22 Quiz: Frequency Bands
Key Concepts
- Frequency Selection Criteria: Range, penetration, data rate, power consumption, regulatory compliance, device cost, and network infrastructure
- Path Loss Comparison: Sub-GHz (868 MHz) has ~10 dB less path loss at 1 km vs 2.4 GHz; ~20 dB less at 5 GHz
- Indoor Penetration: Lower frequencies penetrate walls better; 868 MHz loses ~3 dB per concrete wall; 5 GHz loses ~15 dB
- Coexistence in ISM Bands: 2.4 GHz shared with Wi-Fi, Bluetooth, Zigbee; sub-GHz less congested but with duty cycle limits
- Data Rate vs Frequency: Higher frequencies support wider bandwidth and higher data rates; sub-GHz limited to ~250 kbps typically
- Antenna Size: λ/4 monopole antenna length ∝ 1/f; 868 MHz needs ~8 cm antenna vs ~3 cm for 2.4 GHz
- Regulatory Harmonization: 2.4 GHz ISM band is globally harmonized; 868 MHz (EU) and 915 MHz (US) are region-specific
- Channel Capacity: Number of non-overlapping channels available in each band determines network scalability
22.1 Introduction
This chapter provides assessments focused on frequency band selection and interference mitigation for IoT deployments. You will work through scenarios involving smart agriculture, 2.4 GHz coexistence, and technology selection based on range and power requirements.
Learning Objectives
By completing this chapter, you will be able to:
- Justify frequency band selection for agricultural and outdoor IoT scenarios using propagation, range, and battery criteria
- Diagnose interference patterns in the 2.4 GHz ISM band and propose channel reassignment strategies
- Compare technology trade-offs between LoRaWAN, Zigbee, and Wi-Fi across range, power, cost, and data rate dimensions
- Calculate link budget advantages of sub-GHz vs 2.4 GHz frequencies using free-space path loss equations
For Beginners: Frequency Selection Quiz
This quiz tests your ability to choose the right frequency band for different IoT scenarios. Should your outdoor sensor use 868 MHz or 2.4 GHz? Does your indoor tracker need licensed or unlicensed spectrum?
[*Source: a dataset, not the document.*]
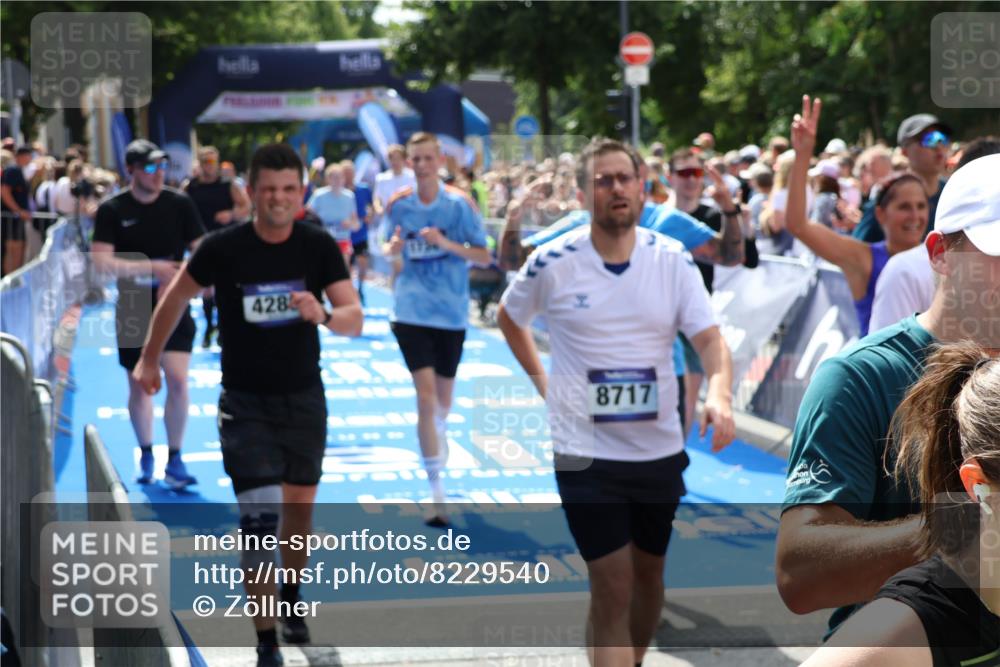 29.06.2025 - hella hamburg halbmarathon Zöllner http://msf.ph/oto/8229540 29.06.2025 11:30:47 Ziel 1395, 3358, 3430, 4289, 5147, 5406, 6478, 6999, 9694, 9701, 10924, 14338, 14610, 14611, 16558, 17344, 18766 meine-sportfotos.de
Practice making these decisions to build your wireless engineering intuition.
22.2 Prerequisites
Before attempting these assessments, you should have completed:
- Electromagnetic Waves and the Spectrum: Understanding electromagnetic wave properties
- IoT Wireless Frequency Bands: Knowledge of 2.4 GHz, 5 GHz, sub-GHz bands
- Spectrum Licensing and Propagation: Path loss calculations
22.3 Knowledge Check: Frequency Band Selection
22.4 Mid-Chapter Check: Sub-GHz vs 2.4 GHz Trade-offs
Before moving to interference mitigation, verify that you can distinguish when sub-GHz outperforms 2.4 GHz and vice versa.
22.5 Knowledge Check: Interference Mitigation
Sensor Squad: Picking the Right Frequency!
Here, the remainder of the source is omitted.